Page MenuHomePhabricator

Old file versions may include duplicate content, which breaks import
Closed, ResolvedPublic5 Estimated Story Points

Description

If I try to import https://et.wikipedia.org/wiki/Fail:Image002.gif then it gives an error as one of its older versions is identical to https://commons.wikimedia.org/wiki/File:Maks.gif which was imported to Commons earlier. It occassionally happens that new version is accidentally uploaded under wrong title or file is intentionally overwritten, but it then then gets reverted and new version is uploaded under new title. I believe it should be then still possible to import files under both titles along with their entire file histories.

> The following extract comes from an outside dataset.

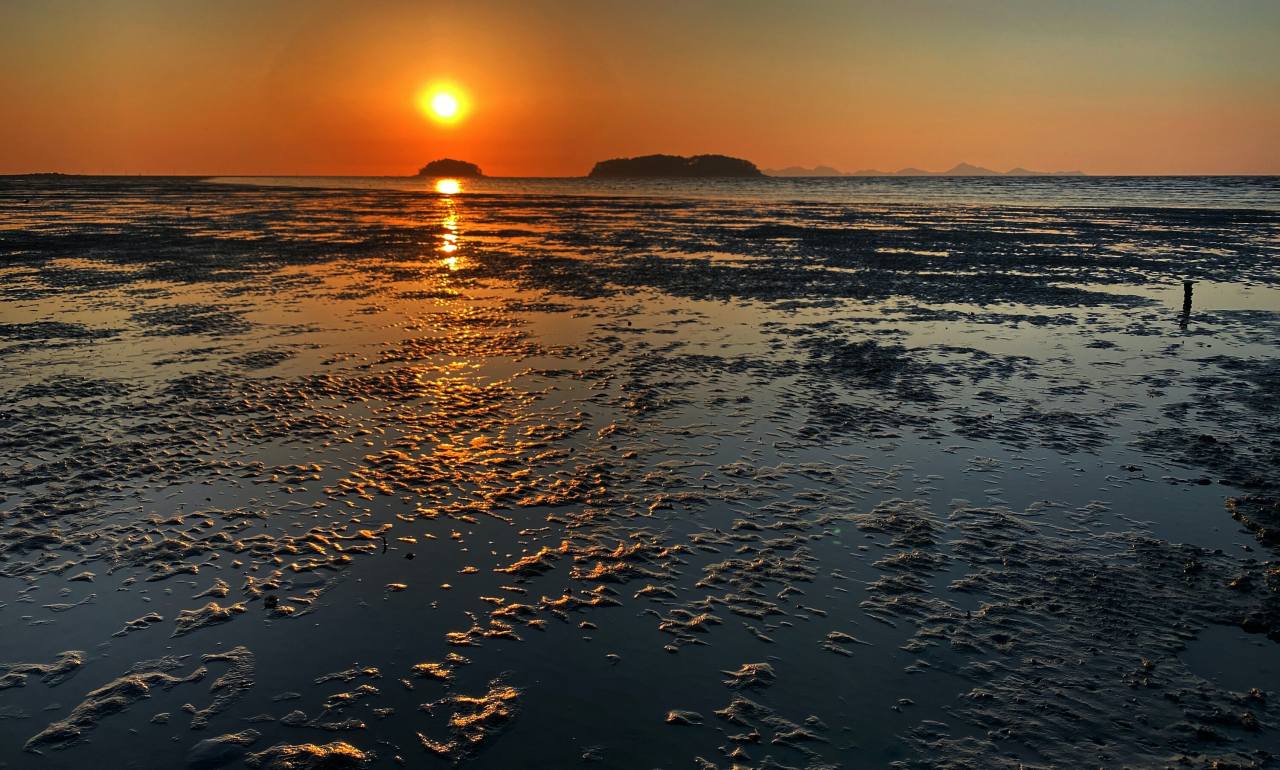 The sun sets over the Sojukdo (left) and Daejukdo in the West Sea off the Gochang Getbol Tidal Flats, which are listed on the UNESCO World Heritage convention for exhibiting a complex combination of geological, oceanographic and climatologic coastal diverse sedimentary systems. Photo © Hyungwon Kang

I recently wrote about other kinds of checks on old versions (T216516#5349251) which seem unwanted to me. Maybe there is some generic solution to this.

Event Timeline

Pikne created this task.Jul 28 2019, 2:04 PM
Restricted Application added a project: archived--TCB-Team. · View Herald TranscriptJul 28 2019, 2:04 PM
awight renamed this task from Old file versions are checked for duplicates to Old file versions may include duplicate content, which breaks import.Sep 10 2019, 10:26 PM
awight triaged this task as Lowest priority.
awight updated the task description. (Show Details)
Pikne added a subscriber: awight.Sep 11 2019, 10:25 AM

Update: We haven't seen this error yet.

@awight, do you mean that you can't reproduce this? I still run into an error if I try to to import "Image002.gif" mentioned above. On Grafana this shows up as "duplicateFiles" error. On July 28th, when another user reported this on wiki and when I created this ticket, I see 12 errors of this type recorded.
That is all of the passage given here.